First, I'm importing the dataframe from the python package I'm using to interact with my data. (I've mentioned it [here](https://beepb00p.xyz/annotating.html#infra)).

It's private at the moment, but it's pretty specific to my usecases and the only interfacing in this post it throught Pandas dataframe, so hopefully that wouldn't confuse you.

In [None]:
from my.workouts.dataframes import endomondo
df = endomondo()

Some sample data:

In [None]:
display(df[df['dt'].apply(lambda dt: str(dt.date())) == '2019-04-21'])

Error column is a neat way of propagating exceptions from data provider.

E.g. I only have HR data for the last couple of years or so, so data provider doesn't have any of HR points from endomondo. While I could filter out these points in the data provider, they might still be useful for other plots and analysis pipelines (e.g. if I was actually only interested in kcals and didn't hare about heartbeats).

Instead, I'm just being defensive and propagating exceptions up through the dataframe, leaving it up to the user to handle them.

In [None]:
display(df[df['dt'].apply(lambda dt: str(dt.date())).isin(['2015-03-06', '2018-05-28'])])

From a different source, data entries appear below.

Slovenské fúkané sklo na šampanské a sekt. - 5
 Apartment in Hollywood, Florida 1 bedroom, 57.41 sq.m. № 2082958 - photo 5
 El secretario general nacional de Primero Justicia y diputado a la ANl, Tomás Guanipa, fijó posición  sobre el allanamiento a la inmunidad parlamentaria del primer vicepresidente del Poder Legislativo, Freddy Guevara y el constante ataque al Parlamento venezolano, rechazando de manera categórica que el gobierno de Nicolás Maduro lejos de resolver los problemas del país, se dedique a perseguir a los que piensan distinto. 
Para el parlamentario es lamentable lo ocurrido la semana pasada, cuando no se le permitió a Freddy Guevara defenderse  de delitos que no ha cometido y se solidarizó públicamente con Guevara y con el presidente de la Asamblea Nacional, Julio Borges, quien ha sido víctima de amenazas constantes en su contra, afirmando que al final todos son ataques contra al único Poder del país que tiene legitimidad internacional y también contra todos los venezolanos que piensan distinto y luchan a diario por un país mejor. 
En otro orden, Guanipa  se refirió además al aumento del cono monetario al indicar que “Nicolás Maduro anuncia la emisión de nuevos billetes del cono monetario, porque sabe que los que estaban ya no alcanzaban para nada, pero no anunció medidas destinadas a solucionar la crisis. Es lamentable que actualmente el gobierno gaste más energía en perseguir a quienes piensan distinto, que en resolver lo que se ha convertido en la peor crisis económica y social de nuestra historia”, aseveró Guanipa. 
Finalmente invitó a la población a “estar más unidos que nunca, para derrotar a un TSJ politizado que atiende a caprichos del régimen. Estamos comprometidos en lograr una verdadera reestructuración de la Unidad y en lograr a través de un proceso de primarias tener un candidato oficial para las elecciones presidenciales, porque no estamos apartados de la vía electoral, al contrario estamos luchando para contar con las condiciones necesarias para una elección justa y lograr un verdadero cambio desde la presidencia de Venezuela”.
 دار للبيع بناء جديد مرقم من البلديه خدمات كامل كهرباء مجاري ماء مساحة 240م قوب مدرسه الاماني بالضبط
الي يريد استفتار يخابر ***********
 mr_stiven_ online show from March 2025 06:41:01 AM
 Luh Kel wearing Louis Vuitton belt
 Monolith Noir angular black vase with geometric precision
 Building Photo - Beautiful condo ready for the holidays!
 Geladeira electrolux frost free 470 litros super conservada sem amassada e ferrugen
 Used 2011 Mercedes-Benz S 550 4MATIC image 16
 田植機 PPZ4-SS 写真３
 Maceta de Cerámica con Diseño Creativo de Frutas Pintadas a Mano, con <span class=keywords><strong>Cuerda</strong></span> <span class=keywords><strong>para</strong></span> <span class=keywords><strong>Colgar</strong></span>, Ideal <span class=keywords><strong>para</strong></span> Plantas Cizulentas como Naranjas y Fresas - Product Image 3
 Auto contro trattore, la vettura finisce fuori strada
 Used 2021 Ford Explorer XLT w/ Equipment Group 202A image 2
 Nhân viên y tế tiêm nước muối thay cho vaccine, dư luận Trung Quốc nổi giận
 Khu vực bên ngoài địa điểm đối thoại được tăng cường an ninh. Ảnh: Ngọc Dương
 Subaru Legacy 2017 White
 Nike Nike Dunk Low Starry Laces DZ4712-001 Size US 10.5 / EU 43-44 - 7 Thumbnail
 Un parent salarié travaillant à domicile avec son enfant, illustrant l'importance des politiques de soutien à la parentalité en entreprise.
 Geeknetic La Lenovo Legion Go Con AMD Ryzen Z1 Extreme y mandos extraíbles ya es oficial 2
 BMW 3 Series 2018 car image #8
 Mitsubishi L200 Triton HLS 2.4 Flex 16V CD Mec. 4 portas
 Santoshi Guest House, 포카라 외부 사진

So, first we filter out the entries with errors:

In [None]:
df = df[df['error'].isnull()]

As well as some random entries which would end up as outliers:

In [None]:
df = df.groupby(['sport']).filter(lambda grp: len(grp) >= 10) 

In [None]:
%matplotlib inline
import matplotlib
from matplotlib import pyplot as plt
import seaborn as sns

matplotlib.rc('font', size=17, weight='regular')

sports = {
    g: len(f) for g, f in df.groupby(['sport'])
}

g = sns.lmplot(
    data=df,
    x='kcal',
    y='heartbeats',
    hue='sport', 
    hue_order=sports.keys(),
    legend_out=False,
    height=15,
)
g.set(
    title='Dependency between total heartbeats and Kcals (estimated by Endomondo)',
    
    xlim=(0, None), 
    xlabel='Kcal',
    
    ylim=(0, None),
    ylabel='Heartbeats, total'
)
# https://stackoverflow.com/a/55108651/706389
plt.legend(
    title='Sport',
    labels=[f'{s} ({cnt} points)' for s, cnt in sports.items()],
    loc='upper left',
   #  fontsize='xx-large',
)
pass

In [None]:
# import plotly.express as px # type: ignore
# f = px.scatter(df, x='kcal', y='heartbeats', color='sport')
# display(f)